Stating that technology will play a defining role in their bilateral partnership, India and the US have committed themselves to cooperation in areas ranging from responsible artificial intelligence (AI) and quantum computing to the entire value chain of the space economy.
The governments of the two countries will work to adopt policies and regulations that facilitate greater technology sharing, co-development, and co-production opportunities between US and Indian industry, government, and academic institutions.
According to the joint statement by the two countries, subjects like secure and trustworthy cyberspace, high-tech value chains, generative AI, and 5G and 6G telecom networks assumed strategic importance during the meeting between Prime Minister Narendra Modi and US President Joe Biden. The leaders have also agreed to undertake regular efforts to address export controls and explore ways of enhancing high-technology commerce.
India and the US recently signed a memorandum of understanding (MoU) on the semiconductor supply chain and innovation partnership as a significant step in the coordination of the two countries’ semiconductor incentive programmes.
The leaders also welcomed the proposal from semiconductor manufacturing firm Lam Research to train 60,000 Indian engineers through its Semiverse Solution virtual fabrication platform. American semiconductor firms Micron Technology and Applied Materials on announced investments in India.
Ashwini Vaishnaw, Union minister of communications, electronics and information technology, said Micron’s Assembly, testing, marking, and packaging (ATMP) — the first private semiconductor plant in the country — would start rolling out memory chips by December next month.
“Land allocation is done. It will be a massive factory, likely to spread across 30-40 acres. Its design has also been completed. The required regulatory agreements and compliances have been done. Its turnover at full capacity will be close to a billion dollars,” the minister told reporters.
The facility is expected to support around 5,000 direct jobs and 15,000 indirect ones as well as 200 smaller supplier units nearby.
The countries will sustain and grow quantum training and exchange programmes and work to reduce barriers to US-India research collaboration. Under a new arrangement between the US National Science Foundation (NSF) and India’s Department of Science and Technology (DST), both sides will fund joint research projects in computer and information science and engineering, cyber-physical systems, and secure and trustworthy cyberspace.

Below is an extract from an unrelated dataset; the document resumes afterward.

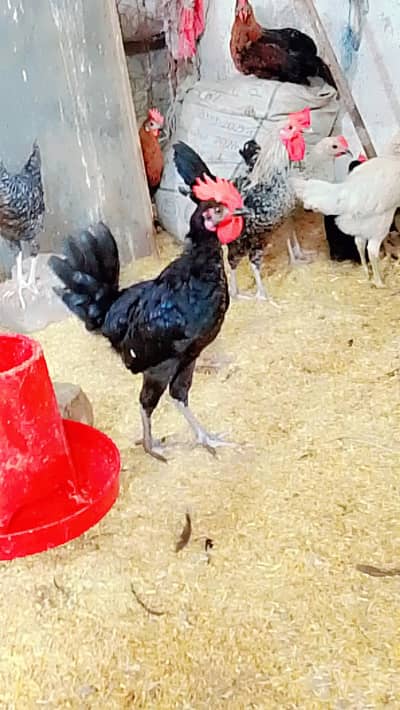 Desi Murgy available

Furthermore, the NSF and India’s Ministry of Electronics and Information Technology will bring fresh funding for joint projects in applied research areas such as semiconductors, next-generation communication, cyber security, sustainability and green technologies and intelligent transportation systems.
The leaders also deliberated on the opportunities and significant risks associated with AI. They have committed themselves to developing joint and international collaboration on trustworthy and responsible AI, including generative AI, to advance AI education and workforce initiatives, promote commercial opportunities, and mitigate discrimination and bias.
Industry body Nasscom has welcomed the new tech partnership between India and the US.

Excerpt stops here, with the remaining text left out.